▸ **DATA SECTION**

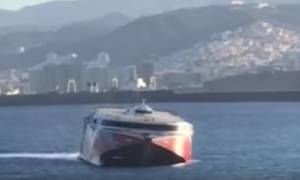 Σύγκρουση φέρι μποτ με σκάφος: Επιβαίνοντες έπεσαν στη θάλασσα (vid)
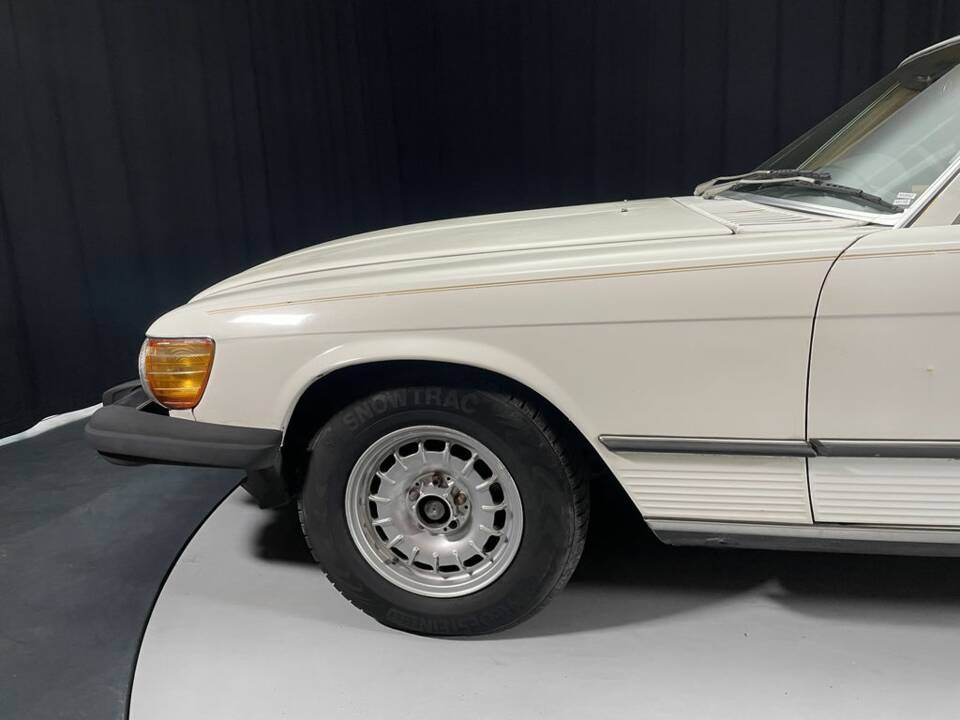 Image 5/8 of Mercedes-Benz 380 SL (1983)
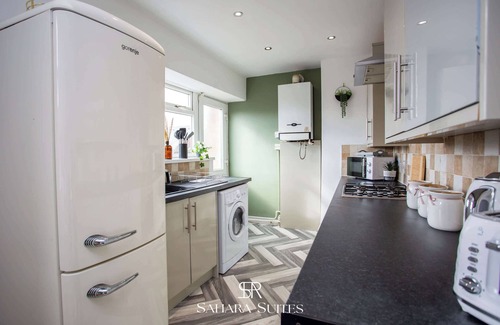 Heaton Casa | Upto 20%OFF | Modern3BR Monthly |Family & Business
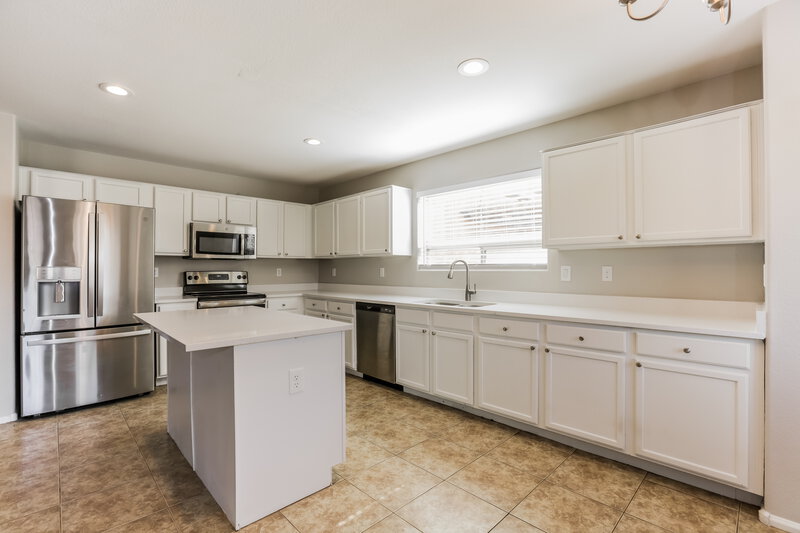 1,820/Mo, 4123 E Azurite Rd San Tan Valley, AZ 85143 Kitchen View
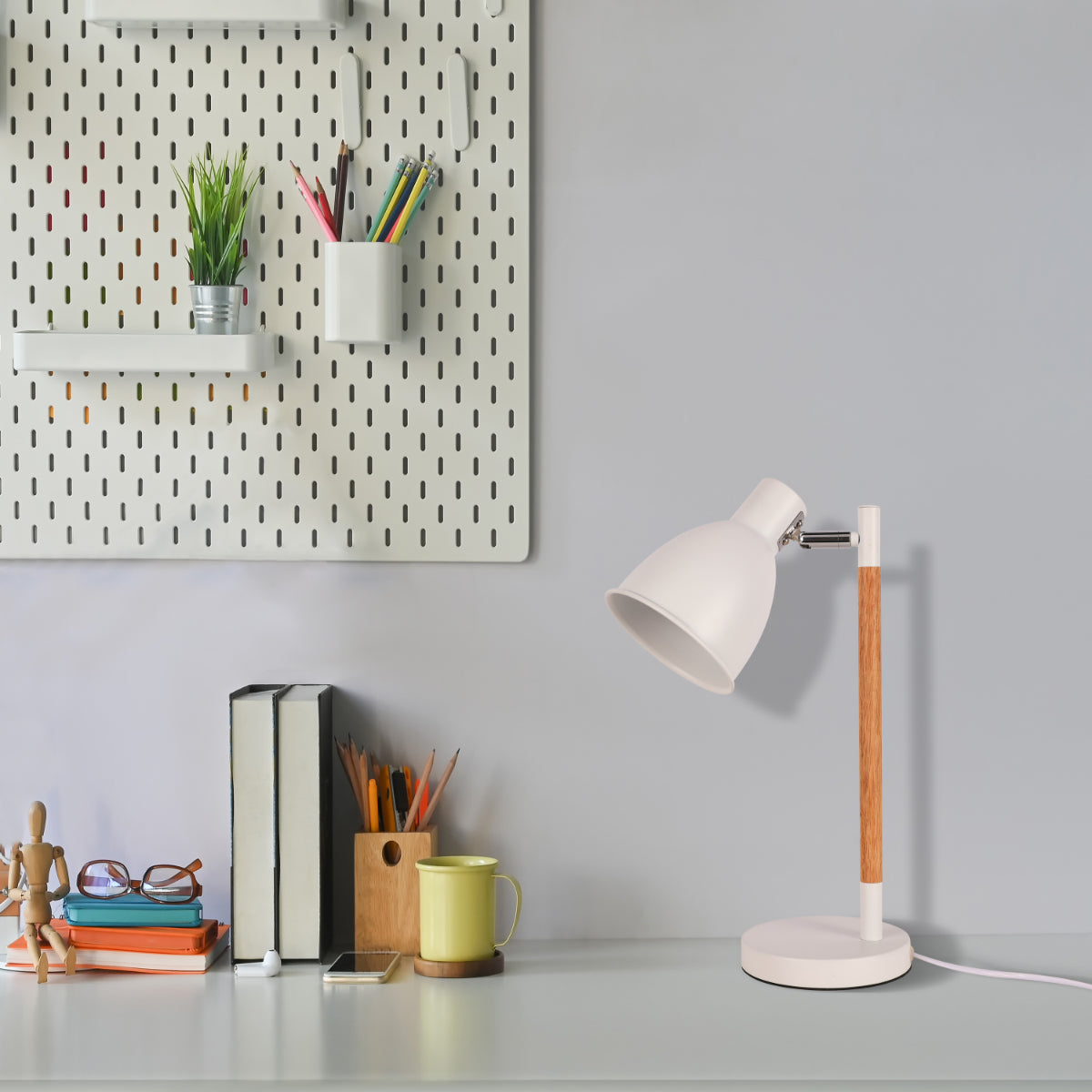 Lámpara de escritorio de madera elegante, ideal para oficinas modernas, combinando funcionalidad y diseño nórdico.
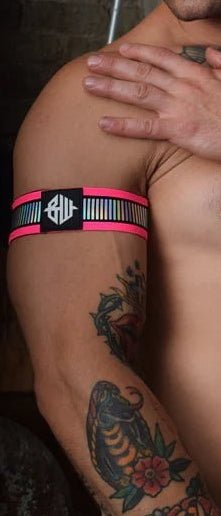 BREEDWELL Armbands Reflector Iridescent Foil Stripe Knit Neon Pink 35 - SexyMenUnderwear.com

▸ **TASK OBJECTIVE**
Transcribe, without alteration, each line from the one with "Lámpara de escritorio" through the last line of the data; no pictures belong in the copy.

▸ **EXERCISE SOLUTION**
 Lámpara de escritorio de madera elegante, ideal para oficinas modernas, combinando funcionalidad y diseño nórdico.
 BREEDWELL Armbands Reflector Iridescent Foil Stripe Knit Neon Pink 35 - SexyMenUnderwear.com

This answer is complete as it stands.